NF: What does the shift to contextual mean for media owners?
SH: For media owners, it means that their inventory is more valuable and will command a higher CPM. There is a greater emphasis on alignment with the premium and high-quality content. Research is continuing to show that consumer perception of ads and brands is influenced by the quality of the environment. When it comes to CTV, the lack of transparency has limited the investment in ad spend. By contextually enabling CTV inventory, publishers can provide transparency without giving away sensitive content data for both legal and strategy reasons.
NF: Fraud and inventory quality are always top concerns in video. How can media owners ensure a brand-safe environment while also helping advertisers improve their targeting and relevancy?

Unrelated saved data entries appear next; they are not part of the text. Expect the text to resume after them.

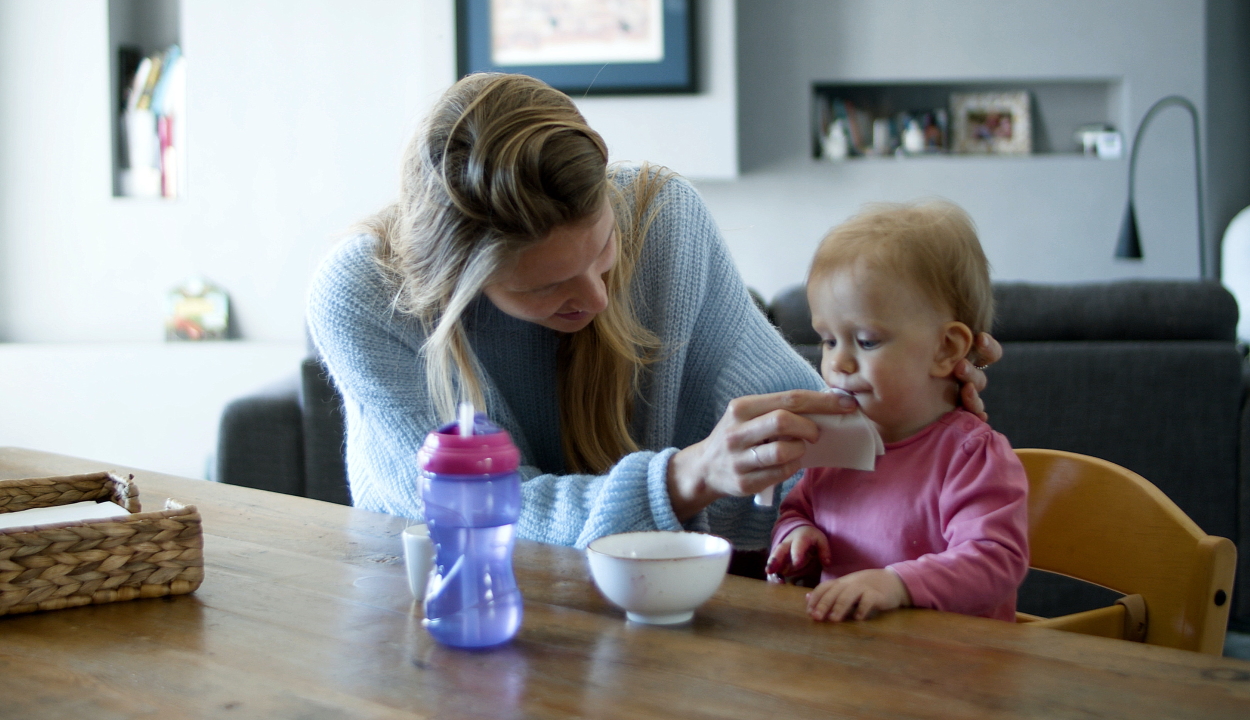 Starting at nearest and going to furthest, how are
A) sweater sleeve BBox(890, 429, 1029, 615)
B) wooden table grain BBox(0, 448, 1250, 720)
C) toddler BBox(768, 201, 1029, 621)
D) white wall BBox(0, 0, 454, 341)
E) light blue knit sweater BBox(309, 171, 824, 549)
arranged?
1. wooden table grain BBox(0, 448, 1250, 720)
2. sweater sleeve BBox(890, 429, 1029, 615)
3. toddler BBox(768, 201, 1029, 621)
4. light blue knit sweater BBox(309, 171, 824, 549)
5. white wall BBox(0, 0, 454, 341)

SH: Every video onboarded onto the contextual video marketplace is given a persistent global unique identifier called the IRIS.TV ContentID. This solution unifies thousands of integration points in the advertising landscape into a single data stream. The result is that marketers can now reach viewers at the exact moment they are watching video. This will increase the relevance, effectiveness, and overall impact of their brand messaging and advertising. This is all achieved by analyzing the content of the video itself (not just scraping the text on the page) while protecting the privacy of end users, and does not rely on cookies.
NF: News content often is an avoided contextual category and deemed too risky to buy. How does IRIS.TV recommend approaching news content? Is there an approach that allows a media buyer to run on news publications, but carve out the exact segments or pages that are most suitable for their brand?
SH: News is a great place to reach consumers. The challenge is, how do you truly avoid brand-unsafe or unsuitable content without eliminating all content? The traditional way to solve this issue was domain and keyword block listing. This can be heavy-handed and controversial. Early solutions would claim to know the difference between “shoot a gun” versus “shoot a free throw.” But as many reports to the contrary have surfaced, brands have been reluctant to engage.
If a picture is worth a thousand words, then a video must be worth a million words. What we are able to do is provide the leading AI- and ML-based data solutions with access to what essentially becomes massive training sets of video data so that their algorithms can truly understand something that is not brand-safe or suitable. For example, a brand may not want its ad to be aligned with a video titled “Hundreds of Nursing Home Residents Die of COVID-19,” but would be more comfortable with being associated with “Ten Ways Parents are Managing Work and Home Schooling During COVID-19.”
What we are seeing is that these systems are getting smarter. So much so that the percentage of videos flagged as brand unsafe is going down even though there is more news video than ever before. What’s more is that positive targeting of categories such as finance, sports, and lifestyle are being unlocked in ways that are really making a difference. Brands are now targeting content related to topics such as social justice and diversity, which previously had not been possible to achieve at scale.
NF: Media owners have faced numerous challenges this year. How can they increase fill rates and CPMs to close out the year with a successful Q4?
SH: The faster you can adopt a contextual strategy, the faster you will be able to see your CPMs and fill rates increase. COVID-19 definitely disrupted the advertising landscape, but buyers are getting familiar with contextual targeting for video and are leaning in aggressively into Q4.